Below are some entries. Transcribe the lines from the one holding "12 Pelham Road" to the one holding "Sơn Nga Phở Gà - Đường Số 46", inclusive, but not the pictures among them.

Records supplied:
»»
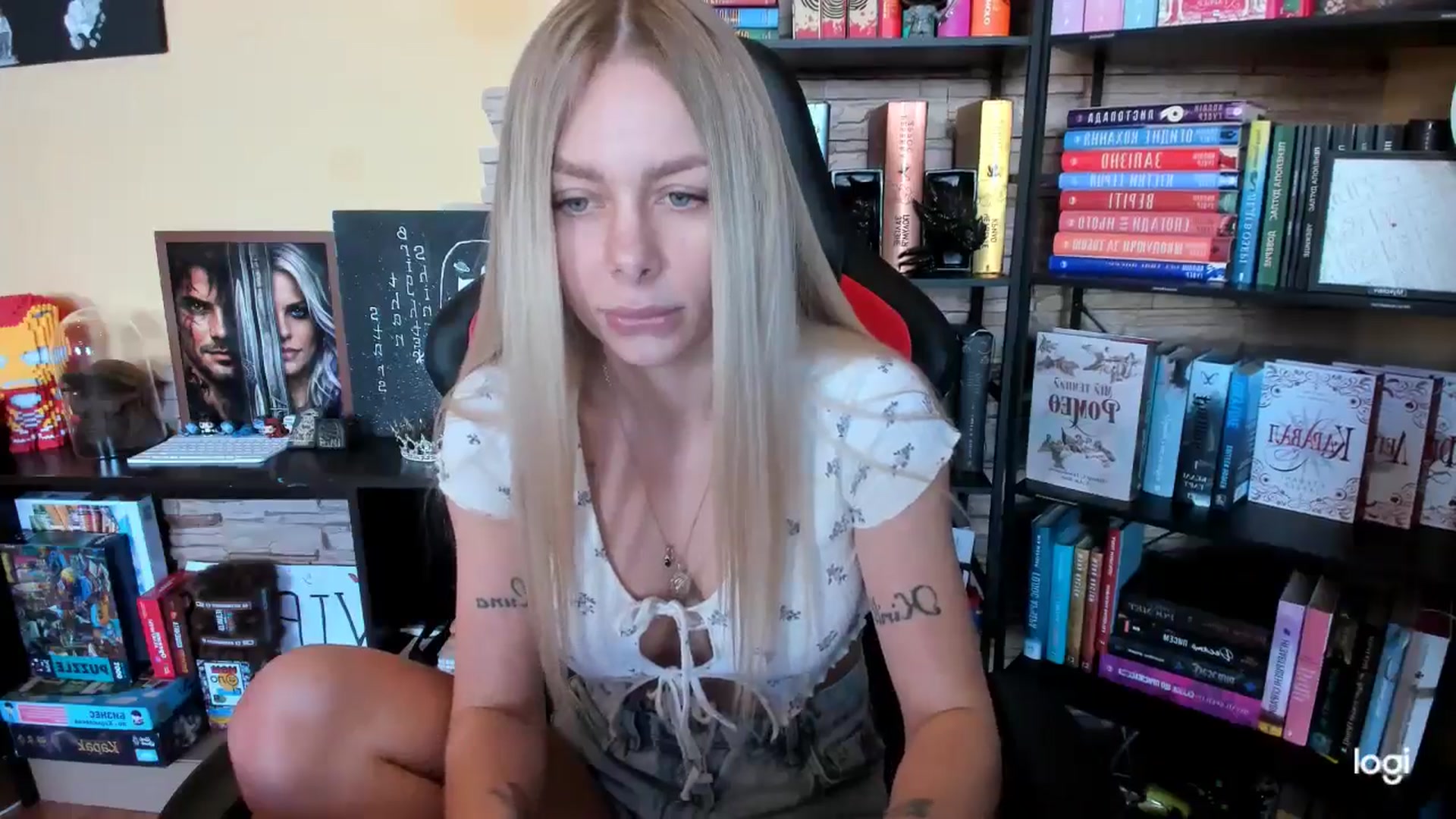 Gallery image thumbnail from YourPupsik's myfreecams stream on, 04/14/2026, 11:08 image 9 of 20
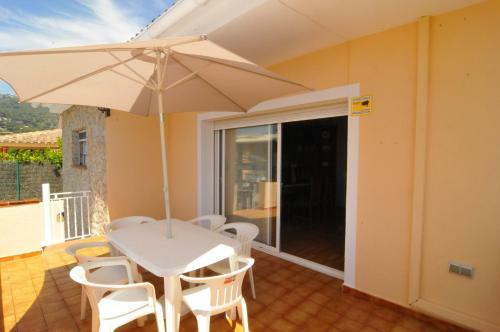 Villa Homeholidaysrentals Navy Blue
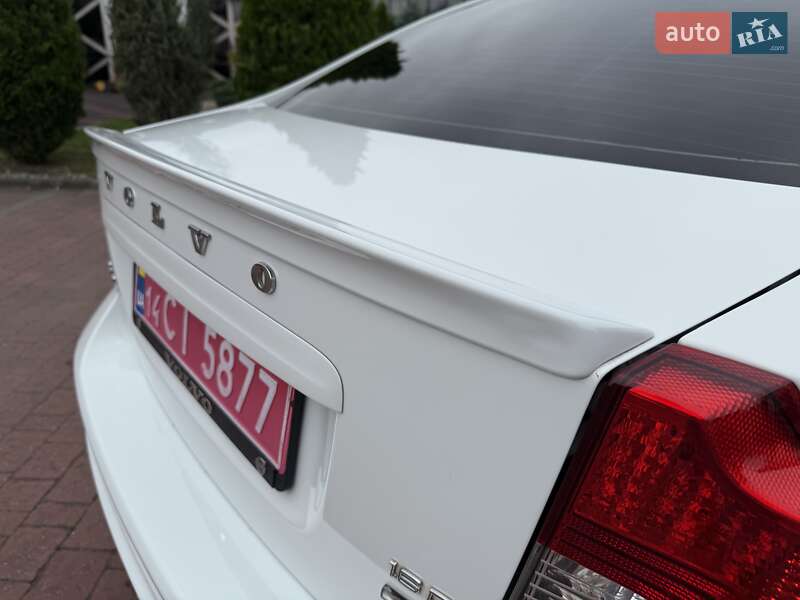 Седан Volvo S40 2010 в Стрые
««
»»
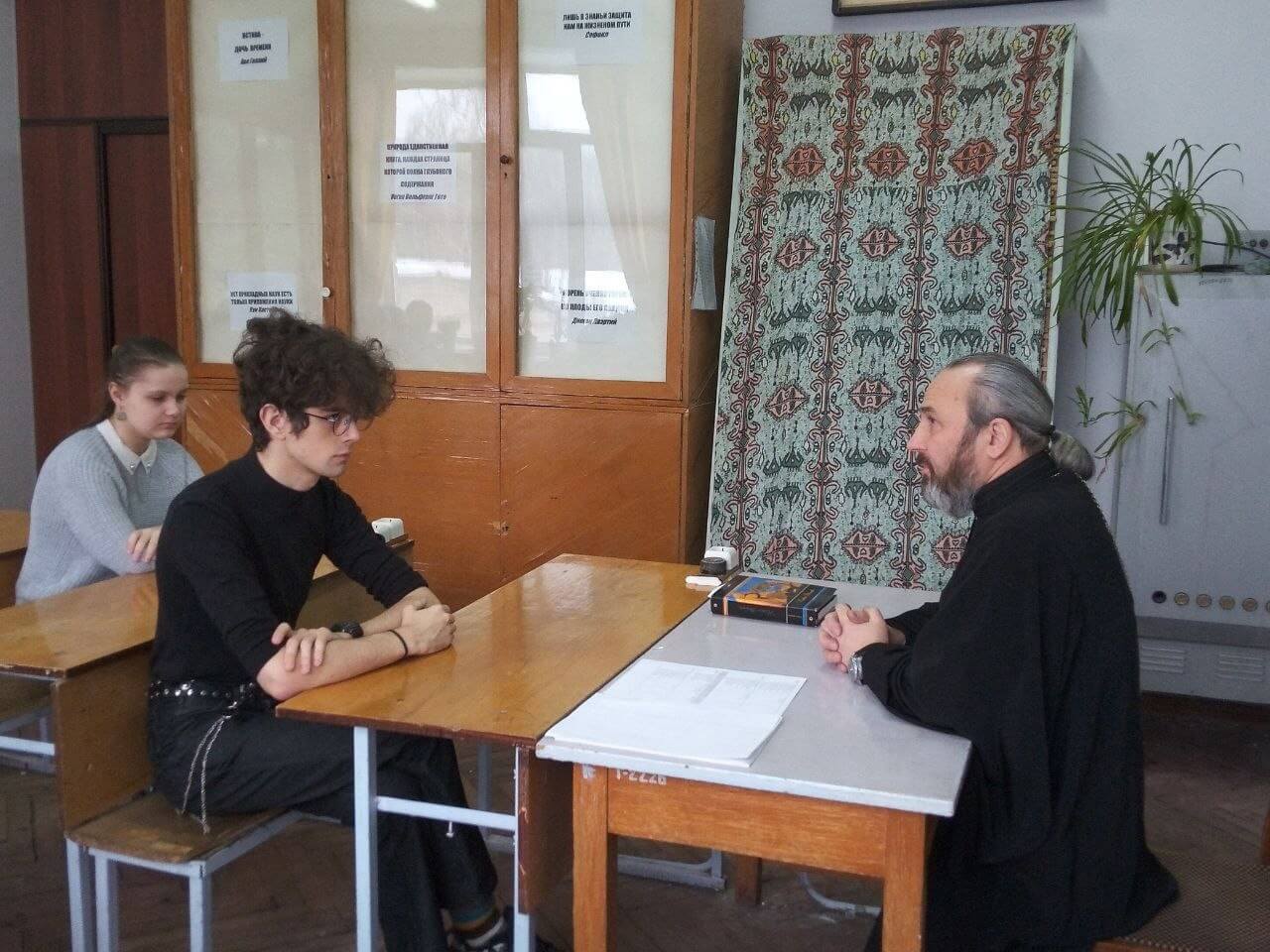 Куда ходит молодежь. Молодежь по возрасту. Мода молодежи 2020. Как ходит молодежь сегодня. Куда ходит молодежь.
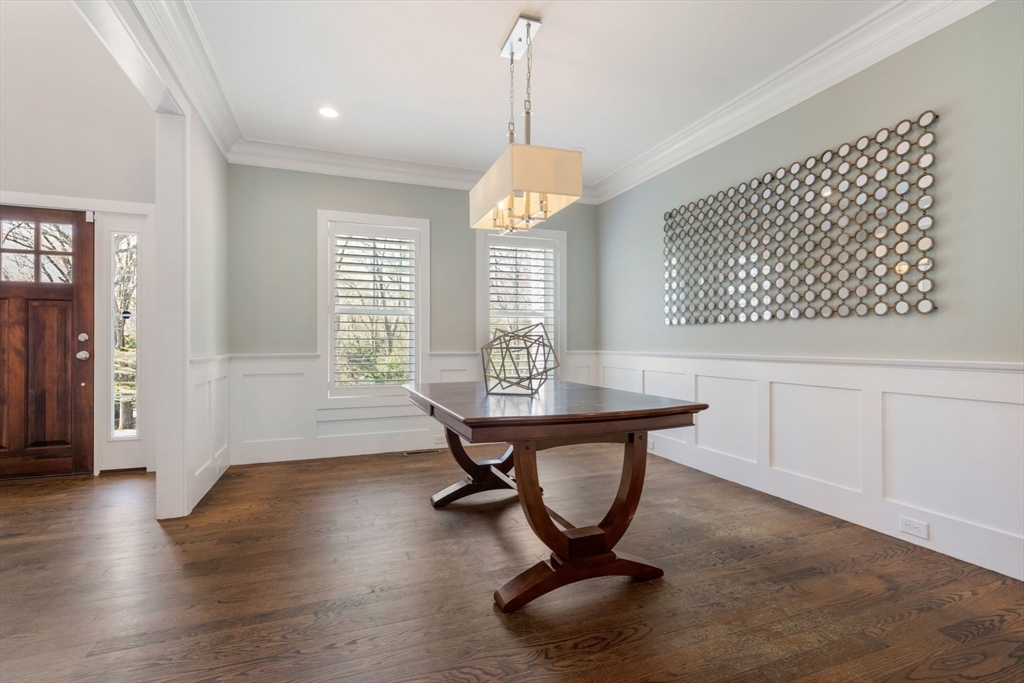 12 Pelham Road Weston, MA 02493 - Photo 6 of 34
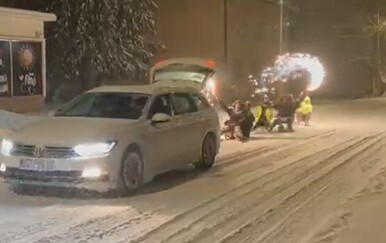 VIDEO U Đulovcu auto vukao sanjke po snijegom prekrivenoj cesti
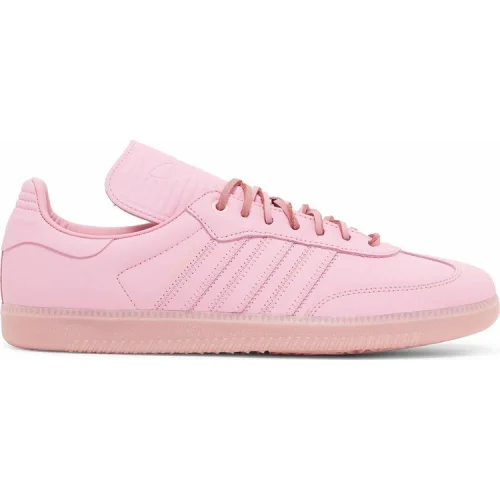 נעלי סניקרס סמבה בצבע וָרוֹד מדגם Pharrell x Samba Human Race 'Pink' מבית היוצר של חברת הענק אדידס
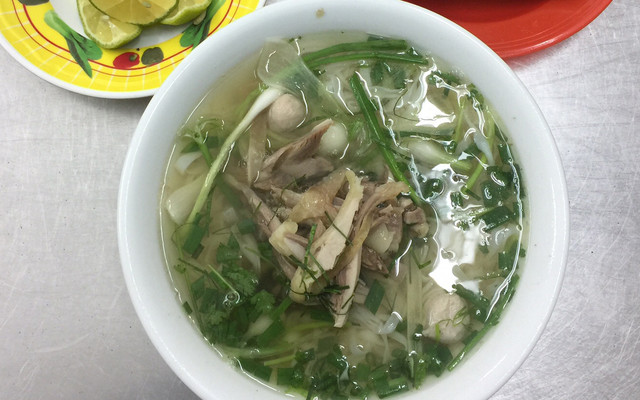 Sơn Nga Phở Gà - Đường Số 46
««
Finished task:
 12 Pelham Road Weston, MA 02493 - Photo 6 of 34
 VIDEO U Đulovcu auto vukao sanjke po snijegom prekrivenoj cesti
 נעלי סניקרס סמבה בצבע וָרוֹד מדגם Pharrell x Samba Human Race 'Pink' מבית היוצר של חברת הענק אדידס
 Sơn Nga Phở Gà - Đường Số 46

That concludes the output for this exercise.